# EXERCISE DETAILS
For the entries that follow, restate word for word the line containing "新生儿身上长痱子别慌！这些护", the line containing "POMC Protein (AA 27-267) (His-IF2DI Tag)", and every line that lies between them.

# EXTRACTED INFORMATION
----

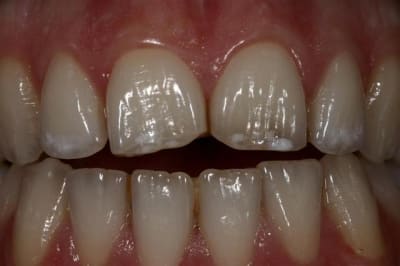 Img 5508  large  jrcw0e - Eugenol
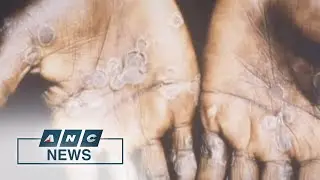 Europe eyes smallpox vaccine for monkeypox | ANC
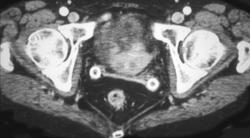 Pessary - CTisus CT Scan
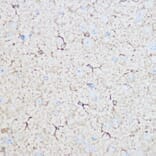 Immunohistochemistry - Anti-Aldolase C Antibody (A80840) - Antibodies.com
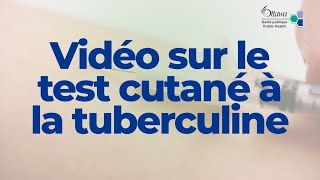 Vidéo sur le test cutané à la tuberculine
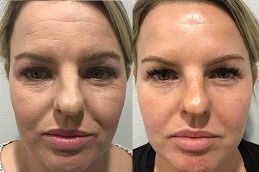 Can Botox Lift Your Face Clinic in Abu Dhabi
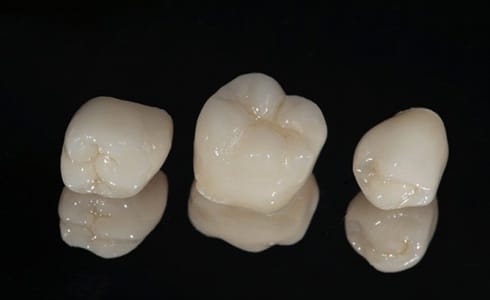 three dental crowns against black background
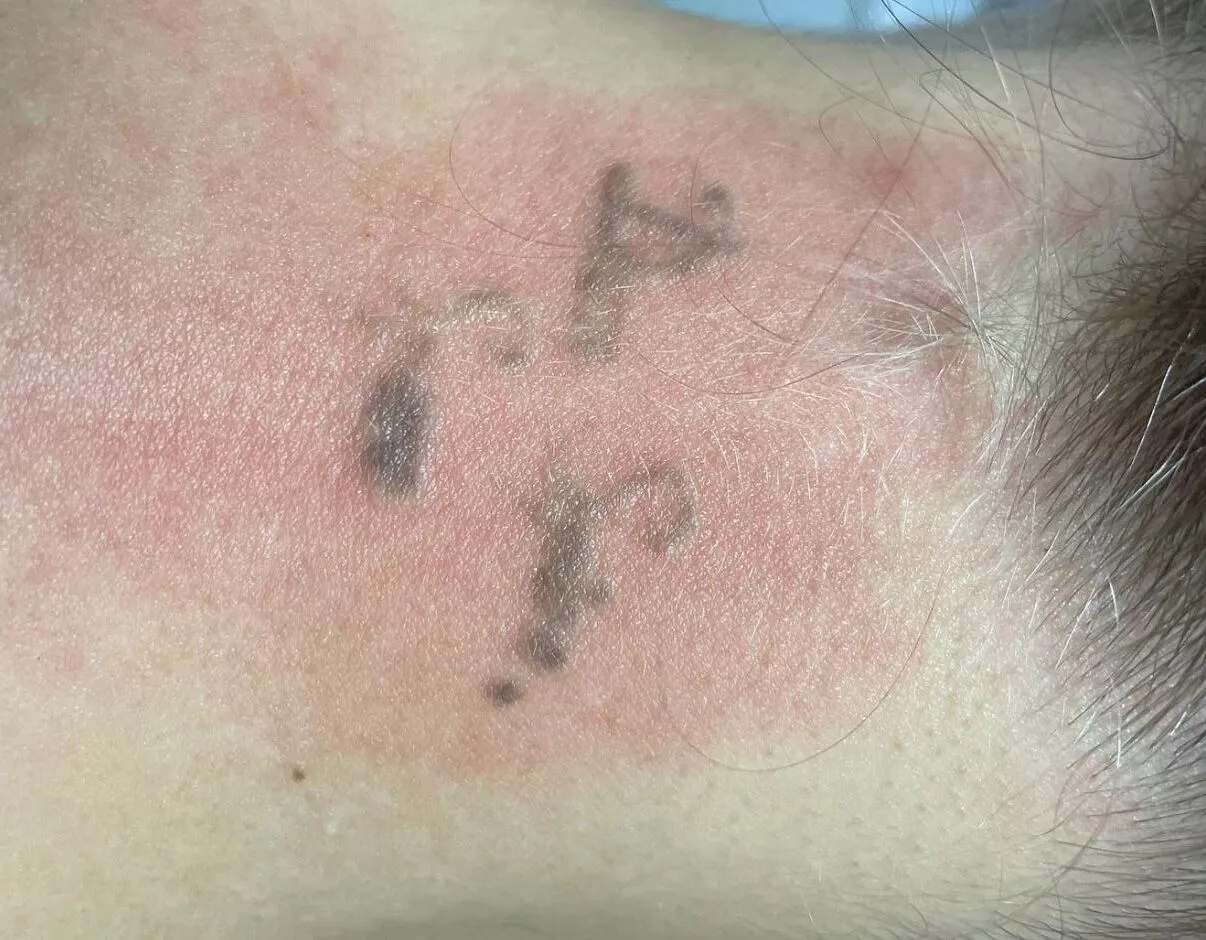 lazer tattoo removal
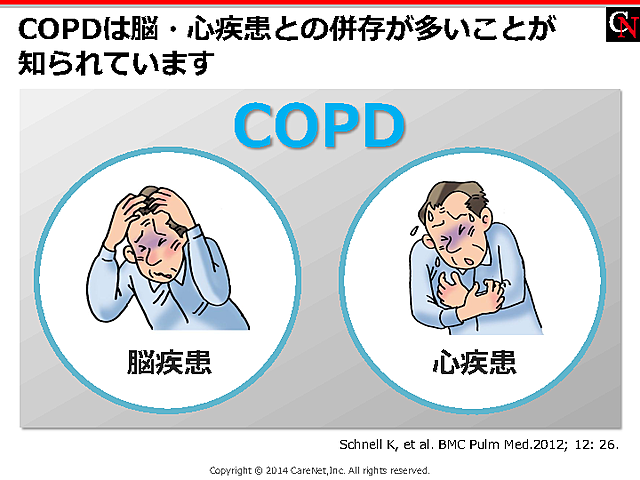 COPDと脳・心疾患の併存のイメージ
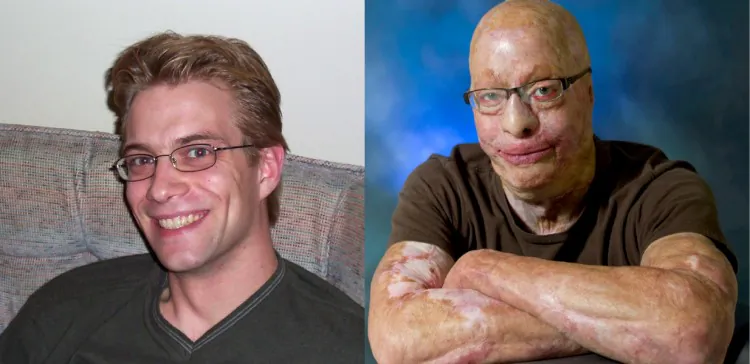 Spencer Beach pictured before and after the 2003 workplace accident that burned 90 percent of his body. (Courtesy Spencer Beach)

----

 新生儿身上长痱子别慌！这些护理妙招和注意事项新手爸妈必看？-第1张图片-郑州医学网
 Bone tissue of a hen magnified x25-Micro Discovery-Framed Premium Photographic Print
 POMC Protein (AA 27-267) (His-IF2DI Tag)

----

# WRITTEN ANSWER
 新生儿身上长痱子别慌！这些护理妙招和注意事项新手爸妈必看？-第1张图片-郑州医学网
 Bone tissue of a hen magnified x25-Micro Discovery-Framed Premium Photographic Print
 POMC Protein (AA 27-267) (His-IF2DI Tag)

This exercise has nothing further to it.